If 10 of the balls were yellow and the other 5 balls are all different colors, how many distinguishable permutations would there be?

No matter how the balls are arranged, because the 10 yellow balls are indistinguishable from each other, they could be interchanged without any perceptable change in the overall arrangement. As a result, the number of distinguishable permutations in this case would be \(\frac{15 !}{10 !},\) since there are \(10 !\) rearrangements of the yellow balls for each fixed position of the other balls.

The general rule for this type of scenario is that, given \(n\) objects in which there are \(n_{1}\) objects of one kind that are indistinguishable, \(n_{2}\) objects of another kind that are indistinguishable and so on, then number of distinguishable permutations will be:

\[

\begin{array}{c}

n ! \\

\frac{n}{n_{1} ! * n_{2} ! * n_{3} ! * \cdots * n_{k} !} \\

\text { with } n_{1}+n_{2}+n_{3}+\cdots+n_{k}=n

\end{array}

\]

Example

Find the number of ways of placing 12 balls in a row given that 5 are red, 3 are green and 4 are yellow.

This would be \(\frac{12 !}{5 ! 3 ! 4 !}=\frac{12 * 11 * 10 * 9 * 8 * 7 * 6 * 5 * 4 * 3 * 2 * 1}{5 * 4 * 3 * 2 * 3 * 2 * 4 * 3 * 2}\)

\[

\begin{array}{l}

=\frac{12 * 11 * 10 * 9 * 8 * 7 * 6}{3 * 2 * 4 * 3 * 2} \\

=27,720

\end{array}

\]

Another way to think about this problem is to choose five of the twelve spaces in which to place the red balls - since the order of selection is not important, there are \(_{12} C_{5}\) ways to do this. Then, from the remaining 7 spaces available, we need to choose three of them in which to place the green balls. There are \(_{7} C_{3}\) ways to do that. The four yellow balls are then placed in the remaining four spaces.

The result of this process is that there are \(_{12} C_{5}\) ways to choose the places for the red balls and \(_{7} C_{3}\) ways to choose the places for the green balls, which results in:

\[

_{12} C_{5} *_{7} C_{3}=\frac{12 !}{5 ! 7 !} * \frac{7 !}{3 ! 4 !}=\frac{12 !}{5 ! 3 ! 4 !}

\]

This results in the same answer as when we approached the problem as a permutation. Considering the problem in this way helps us to solve problems which involve the assigning of tasks to groups of individuals.

Example

Fourteen construction workers are to be assigned to three different tasks. Six workers are needed for mixing cement, five for laying bricks and three for carrying the bricks to the brick layers. In how many different ways can the workers be assigned to these tasks?
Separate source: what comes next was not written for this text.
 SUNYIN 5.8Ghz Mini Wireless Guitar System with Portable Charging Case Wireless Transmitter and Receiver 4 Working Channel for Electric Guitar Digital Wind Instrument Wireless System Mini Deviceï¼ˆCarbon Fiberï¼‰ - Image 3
This is also a problem of distinguishable permutation. Although the order of the workers is not important here, the result is the same:

\[

\frac{14 !}{6 ! 5 ! 3 !}

\]

Another way to think about problems of this type is that they are combination problems, since the order in which the workers are assigned is not important. In that case, we need to select six of the fourteen workers to mix cement, five to lay bricks and three to carry bricks.

To select six workers to mix cement: \(\quad_{14} C_{6}=\frac{14 !}{6 ! 8 !}\)

To select five workers (from the remaining 8) to lay bricks: \(\quad_{8} C_{5}=\frac{8 !}{5 ! 3 !}\)

To select three workers (from the reamining three) to carry bricks: 1

If there are \(\frac{14 !}{6 ! 8 !}\) ways to choose the cement crew and \(\frac{8 !}{5 ! 3 !}\) ways to choose the bricklayers from the remaining eight workers, then there will be:

\[

\frac{14 !}{6 ! 8 !} * \frac{8 !}{5 ! 3 !}=\frac{14 !}{6 ! 5 ! 3 !}

\]

ways to assign the workers to these tasks.

**Exercises 7.5**

Find the number of distinguishable permutations of the given letters.

1) \(\quad A A A B B C\)

2) \(\quad A A A B B B C C C\)

3) \(\quad A A B C D\)

4) \(\quad A B C D D D E E\)

5) In how many ways can two blue marbles and four red marbles be arranged in a row?

6) In how many ways can five red balls, two white balls, and seven yellow balls be arranged in a row?

7) In how many different ways can four pennies, three nickels, two dimes and three quarters be arranged in a row?

8) In how many ways can the letters of the word ELEEMOSYNARY be arranged?

9) A man bought three vanilla ice-cream cones, two chocolate cones, four strawberry cones and five butterscotch cones for 14 children. In how many ways can he distribute the cones among the children.

10) When seven students take a trip, they find a hotel with three rooms available - a room for one person, a room for two poeple and a room for three people. In how many different ways can the students be assigned to these rooms? (one student will sleep in the car)

11) Eight workers are cleaning a large house. Five are needed to clean windows, two to clean carpets and one to clean the rest of the house. In how many different ways can these tasks be assigned to the eight workers?